Doméstica (Idem, Brasil,
2012)
Dir:
Gabriel Mascaro
Como documentário que observa a rotina de algumas empregadas domésticas em cidades diferentes do Brasil, Doméstica é também um estudo das relações de servidão que fazem parte da história social brasileira. Curiosamente, essas relações também se aproximam de um caráter afetivo, pois estamos no âmbito do lar, do ambiente caseiro que aproxima a família.
É
por isso um filme que esconde nas suas imagens supostamente sem interferência uma
construção de olhar muito mais complexa do que podemos imaginar de primeiro
relance.
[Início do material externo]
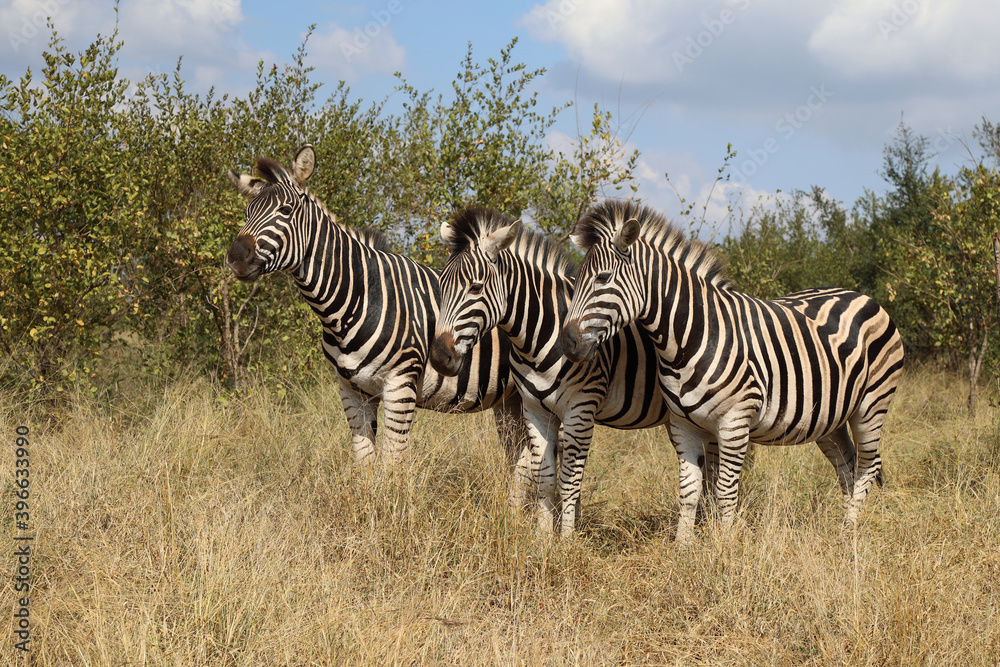 Obraz premium Steppenzebra / Burchell's zebra / Equus burchellii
E para não invadir abruptamente esse ambiente de intimidade, como um intruso,
o diretor Gabriel Mascaro prefere deixar a câmera nos lares das empregadas
documentadas, mais especificamente nas mãos dos filhos, dos patrõezinhos (que geralmente
cresceram e foram criados pelas domésticas).
É,
portanto, um interessante estudo em segunda pessoa, uma vez que nem as domésticas
ditam as regras, apesar de figuras centrais do filme, nem o diretor se assume como o
interlocutor maior. Elas continuam subordinadas aos patrões, aos
donos da casa, sendo filmados e contando sobre suas vidas talvez como mais uma tarefa que lhes é atribuída, e essa talvez seja a grande sacada e força do filme. Há todo um olhar
sociológico aí.
Quando
o diretor coloca a câmera na mão dos patrõezinhos, o que já destoa do documentário
de depoimentos, ele revela justamente essa faceta da empregada que quer e é
levada a se sentir à vontade na casa em que trabalha, como alguém parte da vida
caseira, ao mesmo em que precisa lidar com aquilo justamente como um trabalho,
um emprego, a que ela está vinculada e do qual depende para sobreviver.
É
nessa linha escorregadia entre dever e afeto justamente onde o filme consegue
captar uma série de nuances que se estabelecem nesse tipo de relação. Doméstica sabe ser carinhoso com os
personagens (tanto quanto os personagens já são consigo mesmos), mas também não deixa de revelar as dores e problemas pessoais que acompanham
as empregadas. Todos ali possuem uma história forte que revela a dureza de suas
vidas, uma vida que não cabe no filme porque está fora da casa de trabalho – fora
do quadro, portanto.
É
aí que o trabalho de montagem mostra sua força, não só na reunião dos melhores
perfis dentre aqueles pesquisados pela produção do filme (e sem embaralhá-los, já que cada segmento começa e se conclui sem interferências de outros), mas
também na maneira como equilibra os momentos mais radiantes com as tristezas
que irrompem para a câmera quando menos esperamos.
Um
filme cru naquilo que expõe, sorrateiramente, mas também num sentido estético
porque a produção, bem simples, feito com câmeras digitais portáteis,
representa muito bem esse registro do que é doméstico, de casa, intimista, como
lembrança realista de uma família em convivência; a família
brasileira que aprendeu a acolher a quem lhe serve. É fabuloso como um filme
desses é capaz de dizer tanto sobre nossa sociedade, presente e passada.